Pour faire simple : à faire baisser la valeur de l'euro, à inciter les banques à prêter grâce à cette manne d'argent tombé du ciel, et à relancer l'économie en relançant la croissance. Parce qu'avec notre croissance au point mort, ni les consommateurs ni les entreprises ne se lancent dans des crédits et le cercle vicieux de la déflation nous menace.

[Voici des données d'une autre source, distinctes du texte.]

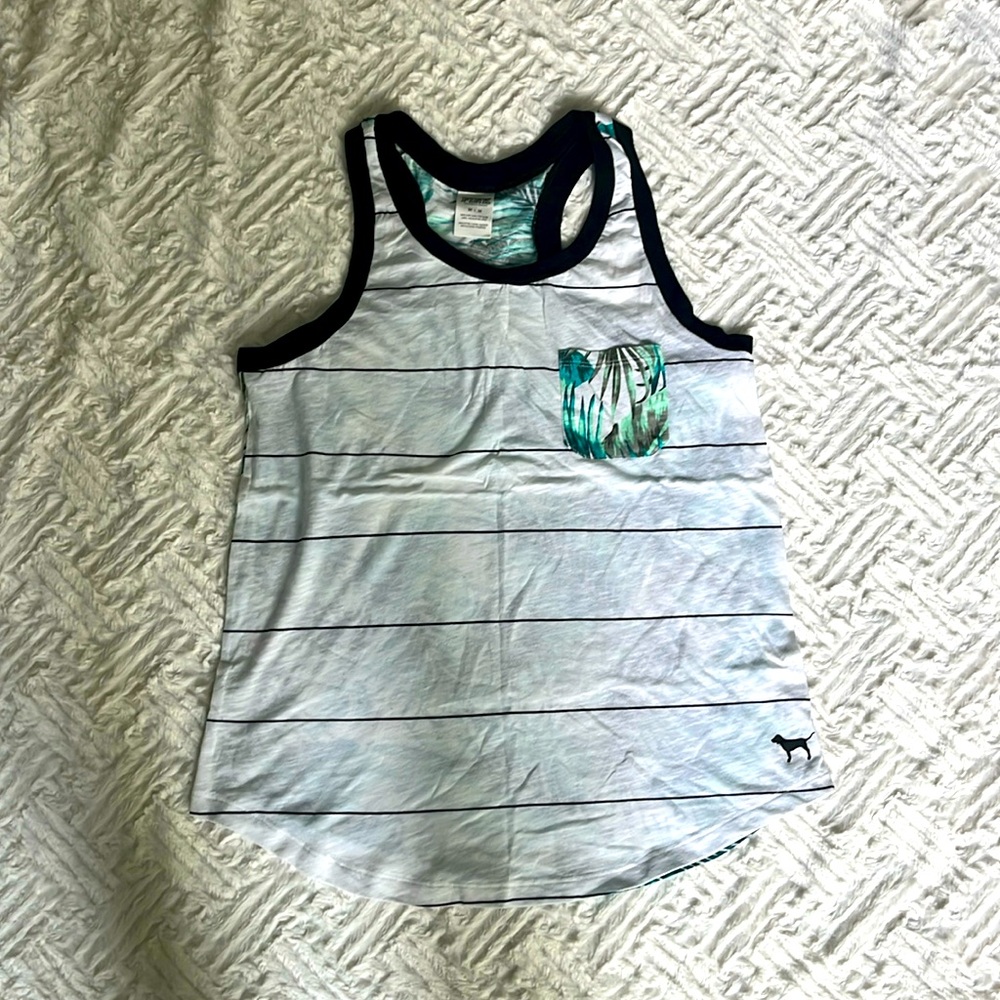 PINK tropical print tank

Ce phénomène de baisse des prix, particulièrement redouté, entraîne en effet de nombreux effets pervers. "La baisse des prix signifie que les revenus des vendeurs [notamment des entreprises] se compriment, ce qui exerce une pression à la baisse sur les salaires", explique notre blog Classe Eco. "D'autres effets viennent se cumuler. En période de baisse des prix, le meilleur moment pour acheter un bien durable est 'plus tard', puisque son prix va baisser ; cela comprime encore plus la demande qui s'exerce sur les entreprises. Par ailleurs, même si les salaires et les coûts suivent la baisse des prix, la charge des dettes, elle, reste inchangée. Le poids du remboursement de la dette dans les revenus s'élève pour les ménages, les entreprises et les gouvernements, conduisant à des faillites et des insolvabilités, ce qui a encore plus d'effet négatif sur l'activité économique."

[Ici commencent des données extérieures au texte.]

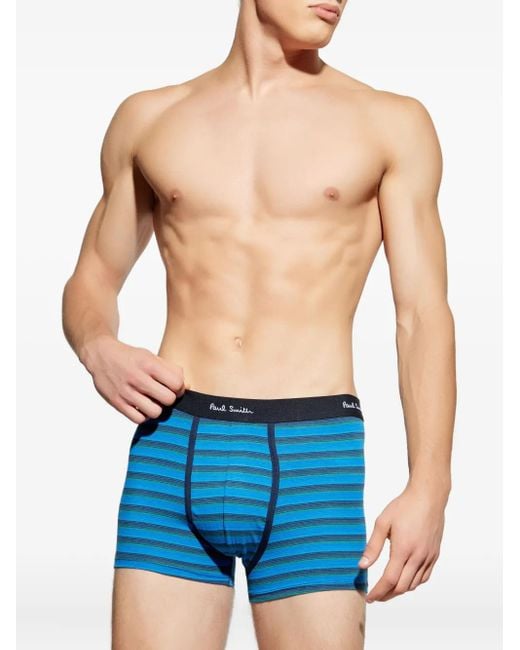 Boxer A Righe di Paul Smith in Blue da Uomo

D'où le recours à cette mesure exceptionnelle. "En mettant beaucoup de liquidités sur le marché, la valeur de la devise se dévalue", expliquent Les Echos. Et si l'euro baisse, "cela doit permettre d’augmenter la compétitivité de l’industrie européenne et aider à ses exportations", poursuit le quotidien économique. Donc, au bout de la chaîne, à lutter contre le chômage. Pour Christopher Dembik, économiste chez Saxo banque, interrogé par 20 Minutes, ce QE doit aussi faire passer le message suivant aux consommateurs et aux entreprises : "Il faut emprunter parce que l’avenir sera positif, parce que les taux vont rester bas longtemps."
On est sûr que ça marche, au moins ?
C'est un peu un pari et les économistes sont divisés sur la pertinence de ces mesures. Le mieux est de regarder ce qu'il s'est passé dans les pays qui ont eu recours au quantitative easing, comme le Japon, le Royaume-Uni et les Etats-Unis. Pour l'économiste allemand Michael Heise, chef des études économiques chez Allianz SE cité par BFM Business, le QE "n'a, par exemple, absolument pas porté ses fruits au Japon".
Après trois vagues de QE successifs, entre 2008 et 2012, les taux d’intérêt ont baissé à long terme aux Etats-Unis, le marché de l'immobilier a été soutenu, tout comme le crédit et l’emploi, résumait Le Monde.fr en octobre. Problème : comme il s'agit d'une mesure provisoire, quand la situation se normalise, les marchés sont susceptibles de paniquer. Ce n'est donc pas une recette miracle.
Que craignent ses détracteurs ?
Enfin, les détracteurs de la mesure, comme l'Allemagne, craignent que cet assouplissement monétaire ne s'accompagne d'un relâchement des efforts de réforme des Européens. Le gouvernement allemand s'est finalement résigné au QE au nom de l'indépendance de la Banque centrale européenne (BCE), mais il n'en a pas moins quelques exigences à faire valoir : par exemple, la Bundesbank (la Banque fédérale d'Allemagne) pourrait s'accommoder de cette politique de rachats d'actifs à condition qu'ils soient directement effectués par les banques centrales nationales. Cela permettrait d'éviter une mutualisation des éventuelles pertes au niveau de la BCE. A l'inverse, une source au ministère des Finances italien, cité par le Financial Times, a dit craindre qu'un QE ainsi fragmenté "ne soit ni efficace, ni cohérent dans une Europe unifiée".
Quid des pays les plus instables ? Pour échapper aux incertitudes liées aux élections en Grèce, où la gauche radicale anti-austérité est donnée favorite, le programme pourrait être façonné de sorte à exclure les obligations grecques, selon Clemente De Luca, de BNP Paribas.